The question isn't whether you can scrape together a deposit. The real question is whether your income, expenses and commitments will support the loan you need, and what type of property that allows you to consider.
Most couples looking at Melbourne property assume affordability means having enough for a deposit. But lenders look at your borrowing capacity first, which is calculated from your combined income minus all your regular expenses and existing debts. Your deposit determines how much Lenders Mortgage Insurance (LMI) you'll pay and which loan to value ratio you'll sit at, but it doesn't determine how much a bank will actually lend you. You might have $100,000 saved and still only qualify for a $450,000 loan, or you might have $60,000 and qualify for $650,000. The deposit and the loan amount are related, but they're not the same calculation.
How Lenders Calculate What You Can Borrow
Lenders assess your borrowing capacity by taking your combined gross income and applying what's called a serviceability buffer. They calculate your repayments at an interest rate higher than what you'll actually pay, usually around 3% above the current variable rate, to make sure you can still afford repayments if rates rise. Then they subtract your living expenses, any credit card limits (even if you pay them off each month), car loans, personal loans, and rental payments if you're not living rent-free. What's left determines the loan amount they'll approve.
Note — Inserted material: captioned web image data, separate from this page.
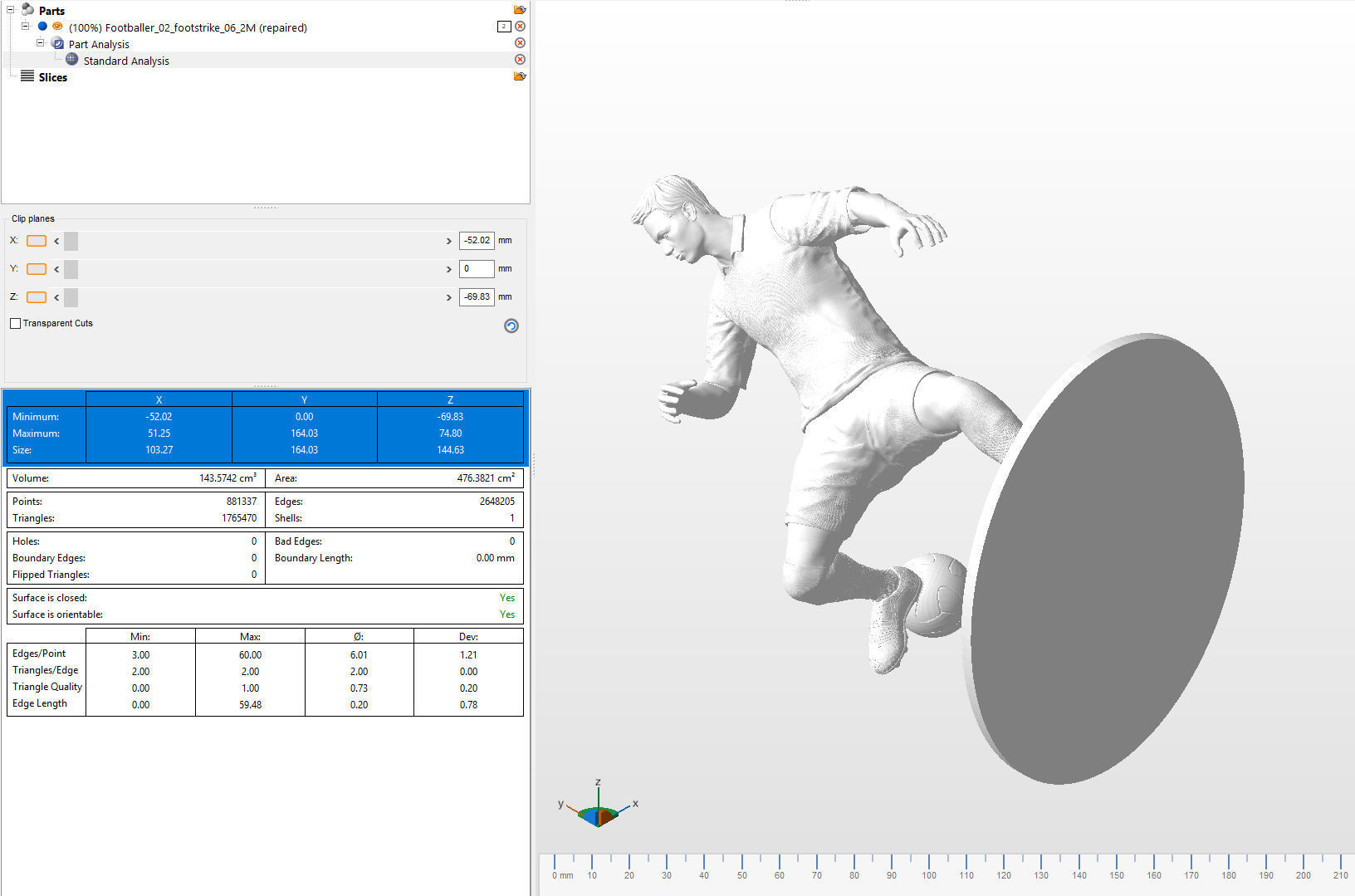 Footballer 02 Footstrike 06 Stl 3D print model_8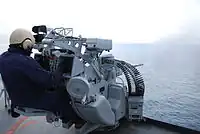 艦載マウントの発砲シーン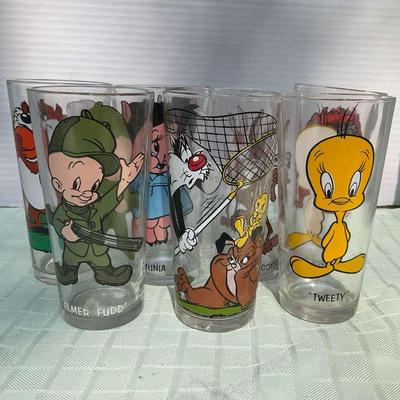 Vintage Pepsi Character Glasses Lot A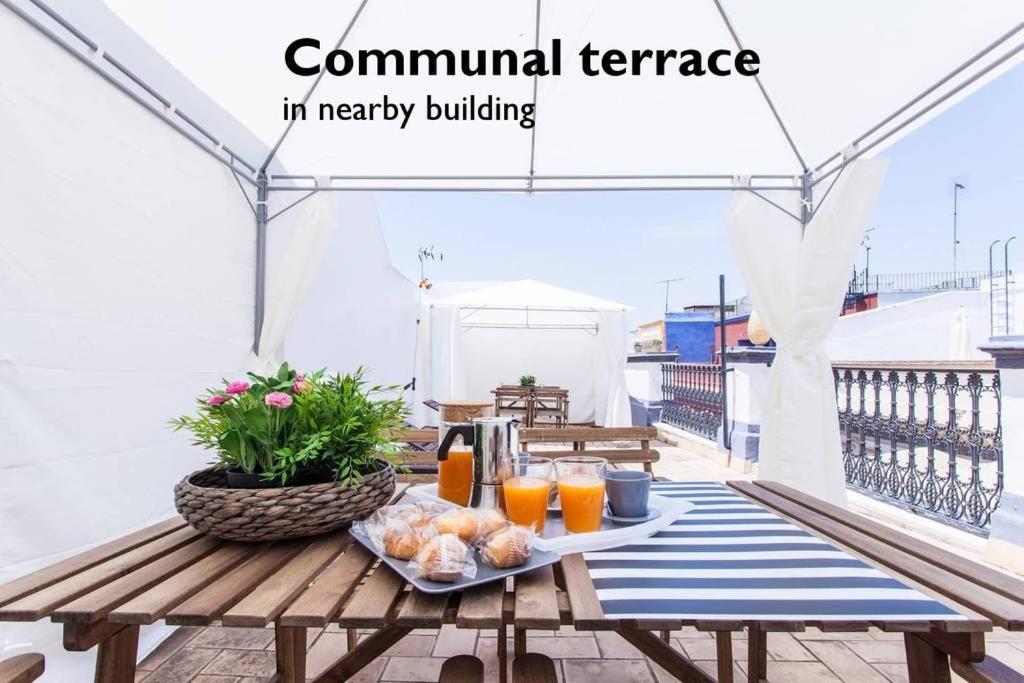 Hostly Rivero 2B Center-Fibre-Communal Terrace-Parking Optional-Cless Séville Extérieur photo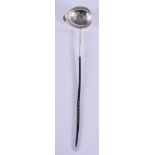AN 18TH CENTURY SILVER TODDY LADLE C1797. 32 cm long.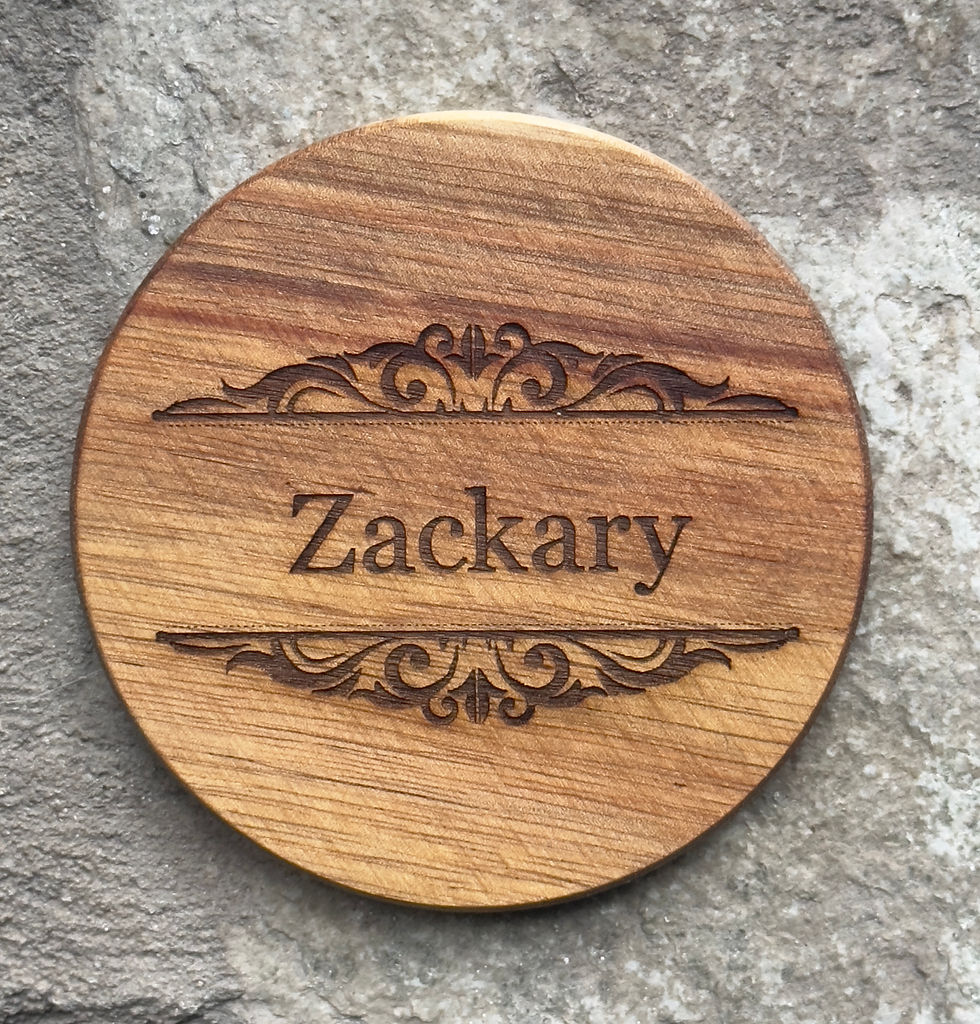 Personalized Acacia Wood Coaster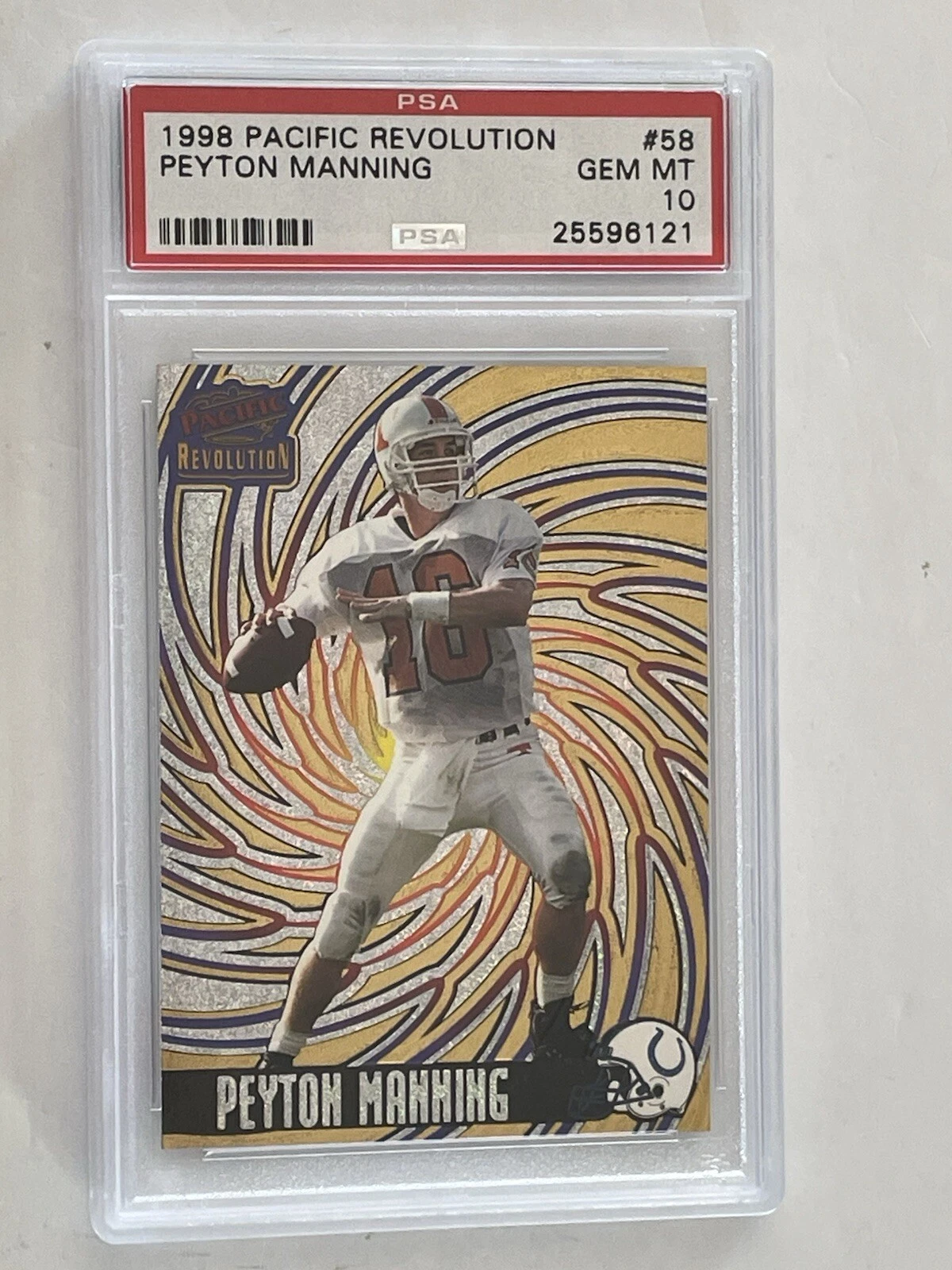 Peyton Manning Pacific Revolution #58 Base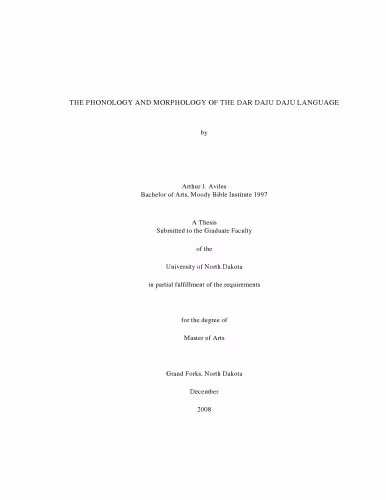 خرید و دانلود نسخه کامل کتاب The Phonology and Morphology of the Dar Daju Daju Language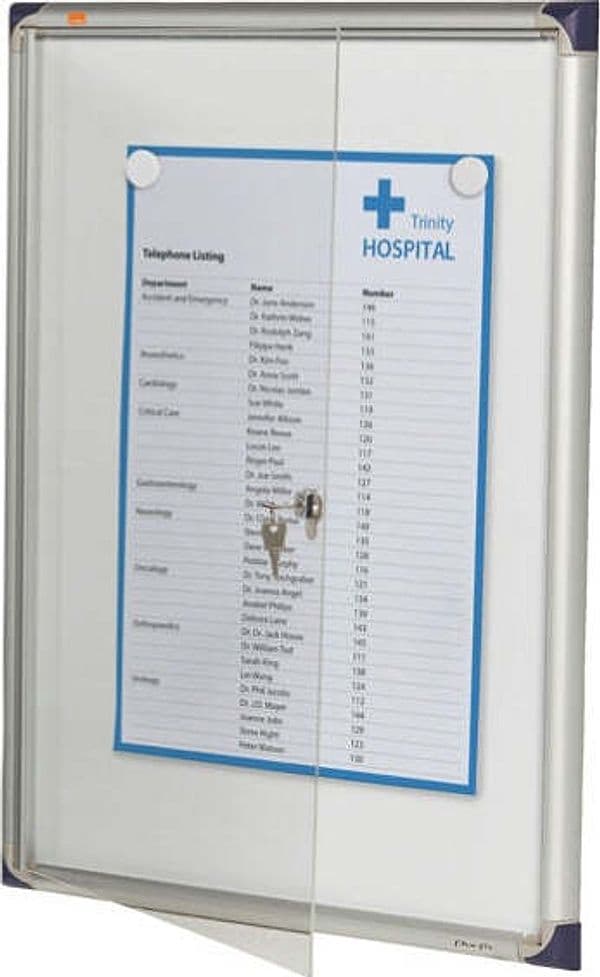 Bacheca per interni ultrapiatta - fondo in metallo magnetico bianco - 4 fogli A4 - verticale - Nobo Cancelleria e prodotti per ufficio/Archivio ufficio e accessori per scrivania/Lavagne e bacheche/Bacheche multifunzione Eurocartuccia - Pavullo, Commerciovirtuoso.it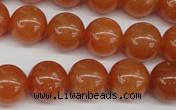 CRO391 15.5 inches 14mm round red aventurine beads wholesale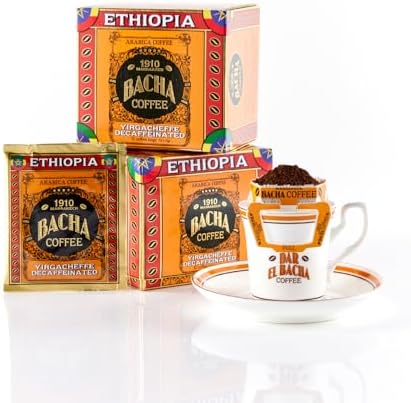 Bacha Coffee Yirgacheffe Decaf Ethiopia Single Origin - 12 Drip Bags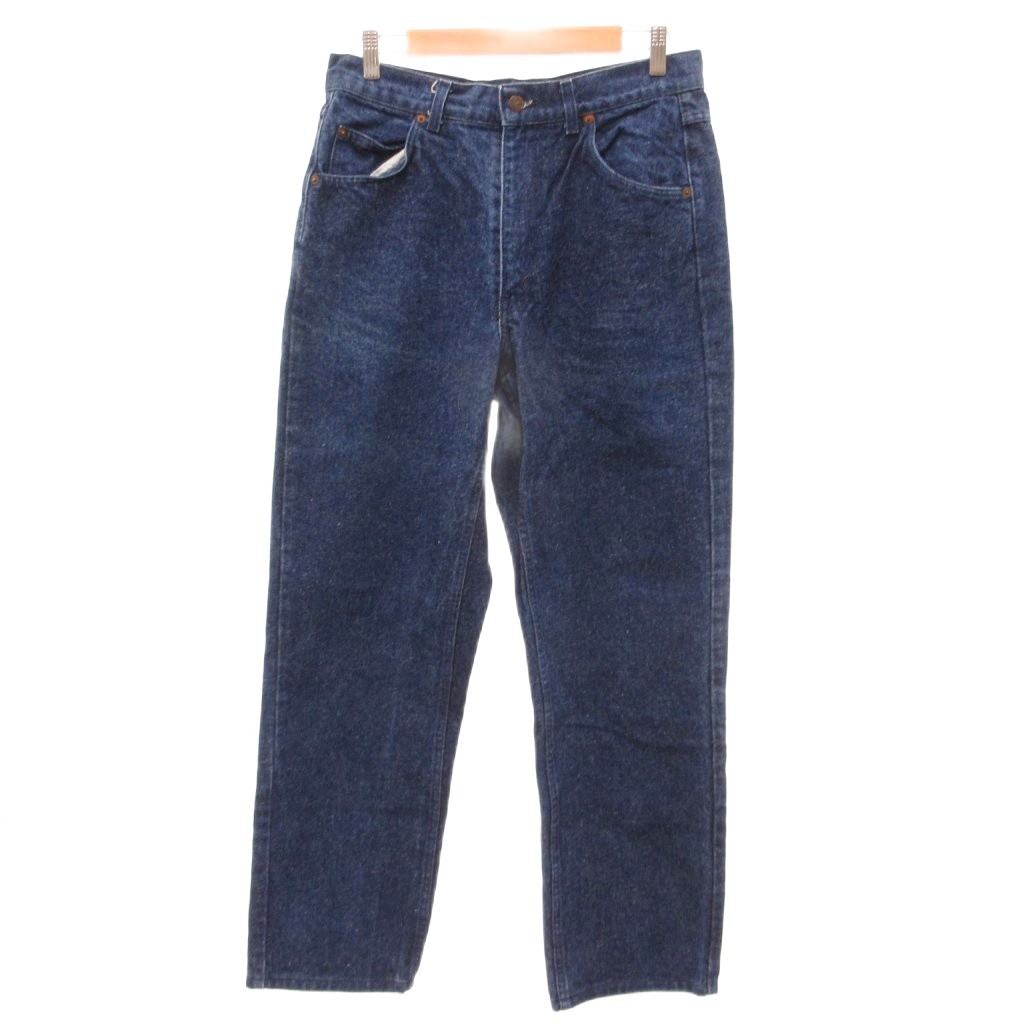 【中古】ヴァレンティノ ヴァレンチノ  VALENTINO JEANS ジーンズズボン下 デニム テーパード 33 インディゴブルー /JS ■ECG005 レディース 【ベクター 古着】 260525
Consider a couple earning $95,000 and $78,000 before tax. They pay $2,200 a month in rent, have a car loan with $18,000 remaining, and one partner has a credit card with a $12,000 limit that gets paid off monthly. The lender will assess that credit card as though it's maxed out, even if the balance is zero. After factoring in living expenses using either the Household Expenditure Measure or their actual declared spending (whichever is higher), this couple might have borrowing capacity around $680,000. That doesn't mean they should borrow that much, but it's the ceiling the bank will approve. If they have a 10% deposit saved, they're looking at properties up to around $755,000 once LMI is factored in, assuming they're comfortable paying that insurance premium.
What Melbourne Property Prices Mean for Your Budget
Melbourne's median house price sits well above $900,000 in many established suburbs, but there's significant variation depending on where you're willing to buy. Inner suburbs like Fitzroy North, Brunswick, and Northcote are largely out of reach for first home buyers unless borrowing capacity exceeds $850,000. But pockets in the outer north like Craigieburn or Wollert, or outer southeast areas like Clyde North and Officer, still have houses available between $600,000 and $750,000.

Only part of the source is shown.